▶
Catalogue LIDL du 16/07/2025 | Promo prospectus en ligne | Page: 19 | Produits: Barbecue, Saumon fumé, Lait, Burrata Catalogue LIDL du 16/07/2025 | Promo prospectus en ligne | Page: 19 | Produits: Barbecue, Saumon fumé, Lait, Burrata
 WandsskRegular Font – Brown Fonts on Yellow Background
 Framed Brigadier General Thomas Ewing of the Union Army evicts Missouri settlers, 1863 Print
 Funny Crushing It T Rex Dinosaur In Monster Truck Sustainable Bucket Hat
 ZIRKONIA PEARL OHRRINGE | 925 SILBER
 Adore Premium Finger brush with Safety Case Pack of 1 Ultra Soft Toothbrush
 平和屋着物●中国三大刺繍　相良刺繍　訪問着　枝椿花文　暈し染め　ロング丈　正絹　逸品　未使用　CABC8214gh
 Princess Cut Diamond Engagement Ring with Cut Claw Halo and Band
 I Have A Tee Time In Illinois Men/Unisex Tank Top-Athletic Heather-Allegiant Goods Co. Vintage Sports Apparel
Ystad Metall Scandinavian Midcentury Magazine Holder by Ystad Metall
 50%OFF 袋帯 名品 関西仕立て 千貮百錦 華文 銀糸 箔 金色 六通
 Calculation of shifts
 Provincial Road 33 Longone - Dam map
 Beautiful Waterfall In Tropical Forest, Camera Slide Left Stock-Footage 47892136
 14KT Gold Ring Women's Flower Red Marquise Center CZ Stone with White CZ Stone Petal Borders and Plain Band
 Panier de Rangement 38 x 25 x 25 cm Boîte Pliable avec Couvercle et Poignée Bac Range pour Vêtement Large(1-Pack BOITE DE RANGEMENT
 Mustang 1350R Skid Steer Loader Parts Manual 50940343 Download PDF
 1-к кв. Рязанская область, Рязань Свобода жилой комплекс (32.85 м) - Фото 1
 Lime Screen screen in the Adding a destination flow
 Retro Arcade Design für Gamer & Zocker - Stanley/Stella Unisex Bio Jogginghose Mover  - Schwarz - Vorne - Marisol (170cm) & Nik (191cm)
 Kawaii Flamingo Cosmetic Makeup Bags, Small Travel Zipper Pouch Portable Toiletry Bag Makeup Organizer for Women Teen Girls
◀
Exercise - Copy out each line of the data that holds the string "with".

Solution below -
 Adore Premium Finger brush with Safety Case Pack of 1 Ultra Soft Toothbrush
 Princess Cut Diamond Engagement Ring with Cut Claw Halo and Band
 14KT Gold Ring Women's Flower Red Marquise Center CZ Stone with White CZ Stone Petal Borders and Plain Band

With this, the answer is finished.